A young couple is attempting to purchase a property for $200,000. They are told they can qualify for a mortgage loan of $180,000, but will need $20,000 for a down payment. Since they only have $5,000 available for a down payment, they could ask the sellers to provide a carryback loan of $15,000 as
The answer is a second deed of trust. With tighter qualifying standards today, this may not be a feasible alternative, but there is a market for resale of junior financing such as second mortgages or deeds of trust.
Upon default on the part of the borrower, the lender may demand immediate payment of the entire balance of the loan under the terms of the
The answer is acceleration clause. Default is a breach of the loan agreement. When this occurs, the lender may accelerate all future debt service payments to the date of default. The lender is required to give 30 days' notice of acceleration.

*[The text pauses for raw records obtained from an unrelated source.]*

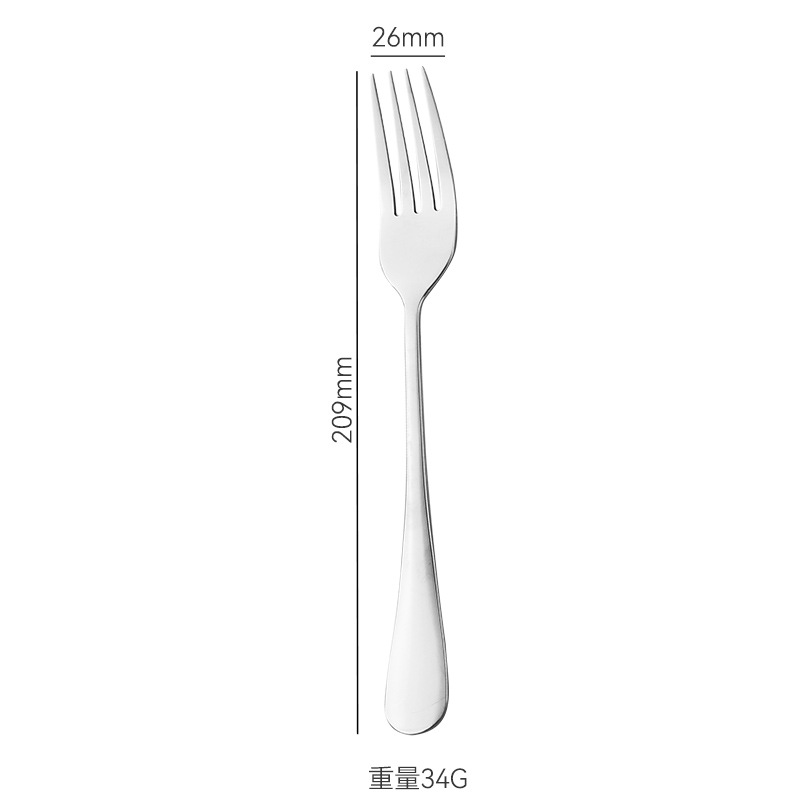 Transfronterizo Amazon engrosado filete cuchillo y tenedor cuchara Jieyang 1010 vajilla de acero inoxidable casa hotel comida occidental al por mayor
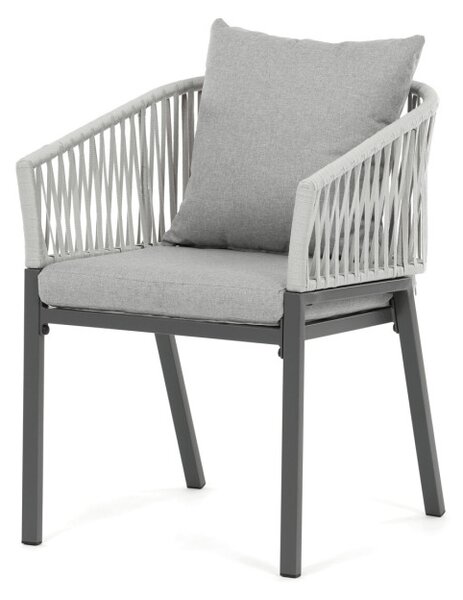 Záhradná stolička sivá AZC-S1430 GREY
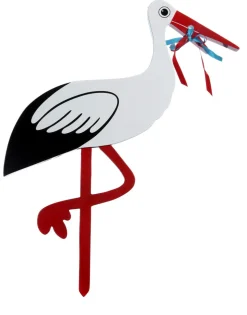 Magni - Fødselsstork i træ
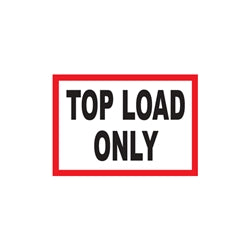 “TOP LOAD ONLY” Label 100mm x 75mm (500/Roll)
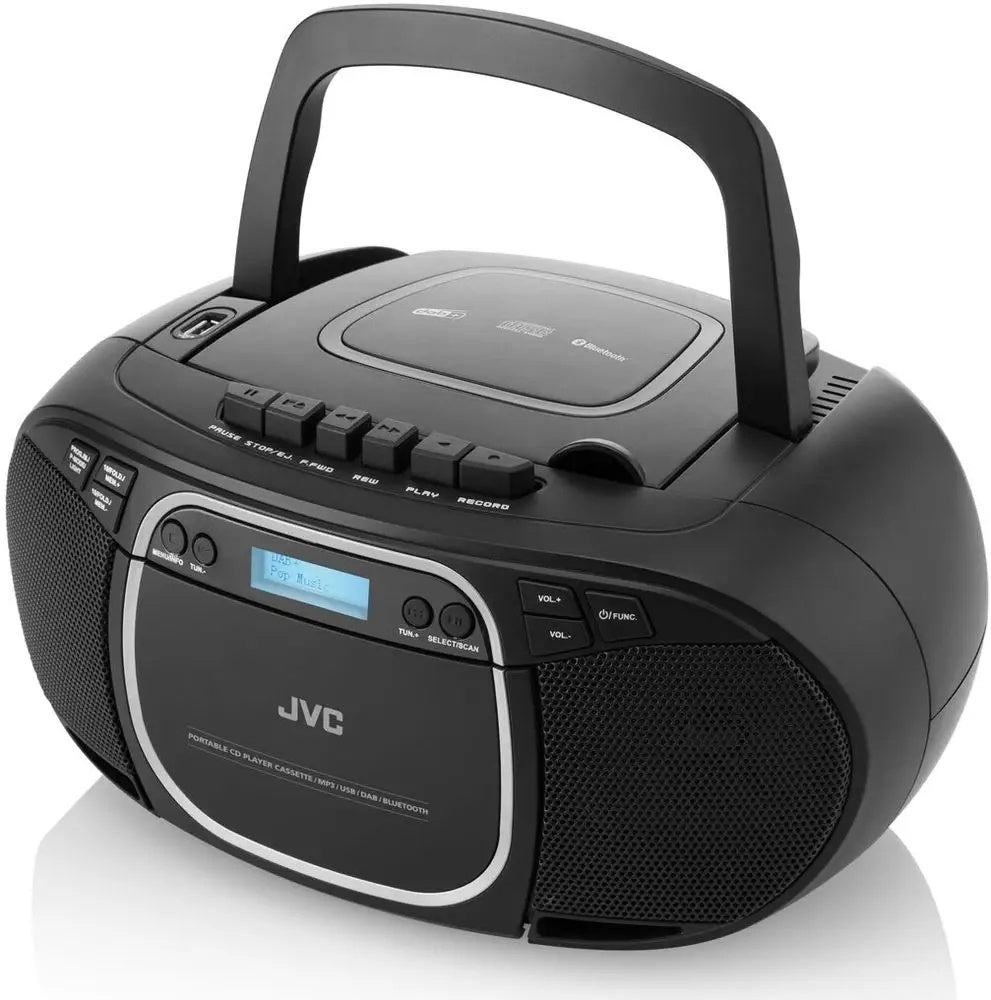 Boombox Radio sieciowe FM JVC RC-E561B-DAB z Odtwarzaczem cd / Radio DAB+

Which of the following statements regarding the note used in a real estate financing transaction is FALSE?
The answer is all copies of the note must be signed. Only one copy of the note should be signed, since every signed note is a negotiable instrument. Delivery of the signed note to the lender is adequate evidence of ownership.
A bank makes a loan of $2,000 to one of its account holders to be used to pay income taxes. This would MOST likely be
The answer is an unsecured note. A note used as a debt instrument without any related collateral is described as an unsecured note; this is mostly used for a short-term personal loan.
When a nonrecourse clause is included in a loan agreement, the seller of the security is NOT liable if the
The answer is borrower defaults. The nonrecourse clause protects the purchaser of loan agreements and makes the seller more diligent in providing financing to borrowers with the ability to repay the loan.
A buyer is more likely to use a contract for deed if the
The answer is buyer lacks sufficient cash or credit for traditional financing. Contracts for deed provide an opportunity for people to access a home when other financing is not available, so sellers/lenders can set terms in their favor.
When a buyer has insufficient cash for the entire amount required to purchase a house, the seller may provide a portion of the sales price in the form of a junior encumbrance, called a
The answer is carryback loan. The seller is carrying back a portion of the sales price to make the transaction work.
Which clause states that the mortgagor will regain full, free, and clear title upon the repayment of the debt?
The answer is defeasance. A defeasance clause defeats foreclosure by stating that the mortgagor will regain full, free, and clear title upon the repayment of the debt.
All of the following statements would be true about a contract for deed EXCEPT
The answer is equal rights are provided to buyers and sellers. Because buyers typically only pursue a contract for deed if they cannot obtain traditional financing, the seller is in the driver's seat. Buyers need to pay special attention to the terms and take precautions to have a collection escrow account and provisions for the delivery of the deed at the beginning of the contract.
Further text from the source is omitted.